The problem is that my distribution gives the first incidence rate, but not the incidence rate. As soon as $S$ is incident on the boundary, we have to restart the process, hence we need to convolve $k$ Paretos.

Thanks a lot! Well, I am probably using Pareto Type I. I tried to model the rate of incidence on a boundary in a random walk, $S$. Assume boundary is at x=0 and you discretised the space as 0.5, 1.5, 2.5, 3.5... So, if $S$ is at $x=0.5$ at $t=t$, if it moves towards the boundary, it will be reflected and be back on $x=0.5$ at $t=t+1$. I didn't even know Pareto distribution could be used to model this, I didn't even know there is a distribution called Pareto :) I arrived at Pareto distribution using the Bertnard's Ballot Theorem.
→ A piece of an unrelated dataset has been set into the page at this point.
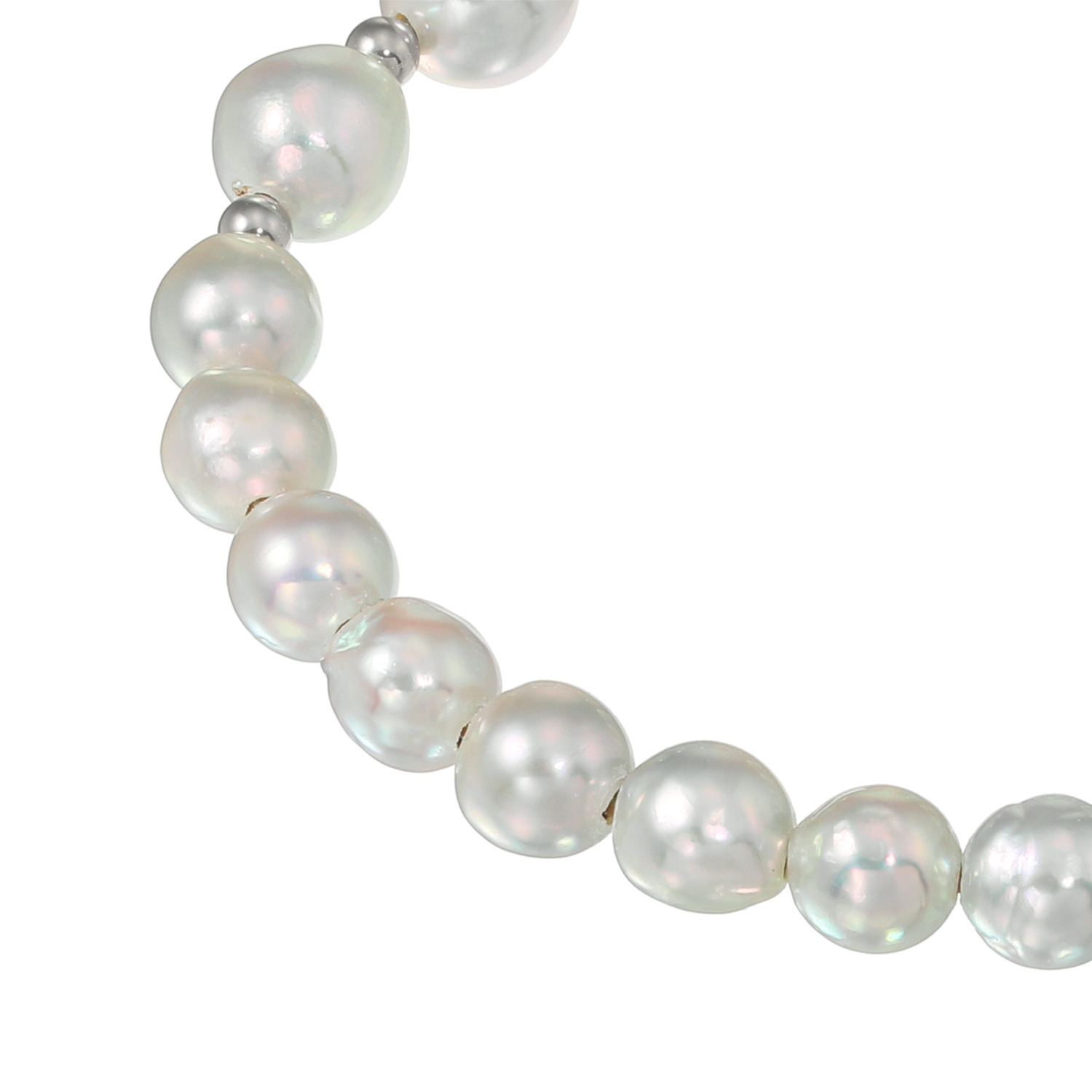 海蛍 プラチナ９００ 長崎県対馬産 無調色ブルーグレー 越物アコヤパール デザインバングル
Just to bother you one last time, I assume multivariate Pareto distribution or generalised Pareto distribution are not the thing I am looking for, right? There are limited documentation on them and they don't explicitly state that multivariate Pareto dist is addition of Pareto random variables and they are too tedious to understand :)

Can you tell me how this might work for three or more pareto distributions? Is it still a ${}_{2}F_{1}$, or does it change to some other generalised hypergeometric function? Also, does this distribution have a name, like Erlang is to Exponential?